This is the story of a 30km bush walking at the Great North Walk.
I had a chance to experience that last Sunday. When my friend said she was doing the Oxfam walk with the Informa team I thought it was awesome. A great idea! I even went to the walk’s website to see if there was any team looking for people to join them so I could go too. When I started reading the information I realised it was 100km bush walking. That was when I decided it wasn’t something I wanted to do this year; maybe next year… Anyway I told my friend I would go with her to some of the training sections on weekends.
We have been walking from Mosman to Wynyard some mornings before work to start training. When she asked me: “we are going for a 30k walk on a Sunday, wanna come?” I quickly agreed and we moved on to other topics of conversation. After all we were doing 8km in the morning without breaking a sweat, I thought it would be challenging but nice. Basically, I was completely deluded.

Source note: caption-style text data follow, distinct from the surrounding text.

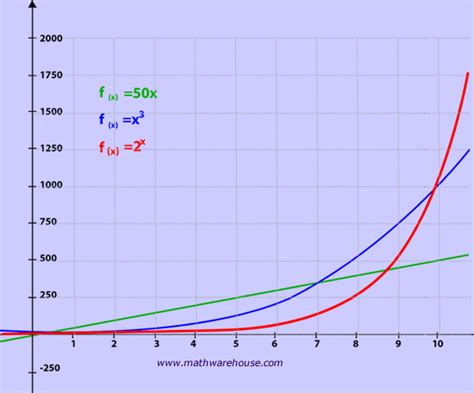 Exponential Growth Its Properties How Graph Relates To The Equation
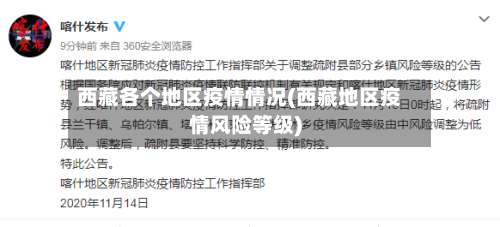 西藏各个地区疫情情况(西藏地区疫情风险等级)-第3张图片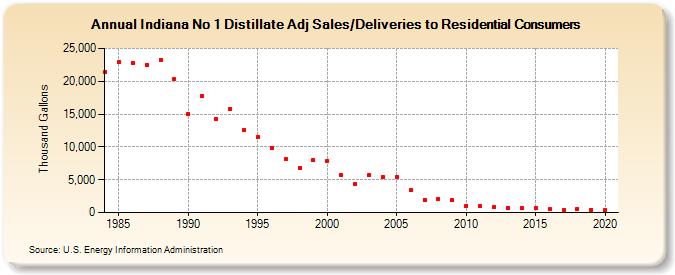 Indiana No 1 Distillate Adj Sales/Deliveries to Residential Consumers (Thousand Gallons)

It was only Wednesday last week that I decided to ask a bit more about it.
– Where are we going to walk?
– Oh, it’s a bush walk north of Sydney.
– Ok.
– It’s the hardest part of the Oxfam and we want to know how long it’s going to take us to do it. She said.
– I’m sorry???
If I was a little bit smarter I would have given up then and there. But I didn’t, in my imagination it was a bush walk with a lot of bush and rivers, crates, stones, etc. But in my imagination the world had only two dimensions, I forgot about “mountains Gandalf”…
As soon as it started I realised that there was definitely a higher plane there and was puffing on the first climb, not knowing that was easy as easy goes. I find it hilarious to compare myself at the beginning and the end of the trail in several aspects…
The adventure started full on, we left the car at Berowra station, to catch the train to Hawkesbury River station. We were buying the first ticket when we saw the train coming. We quickly made a system, one of us pressing the buttons: destination, single trip; the other feeding coins to the machine: one, two, three – The Train is Coming! – Four – Quickly! – Five tickets and we started running to catch it – not looking at the face of the girl behind hating us for having to buy five tickets at the last minute. I hope she made it too.
At the train we were chatty and noisy, the ride back home, in the car was on the other hand full of tired silence.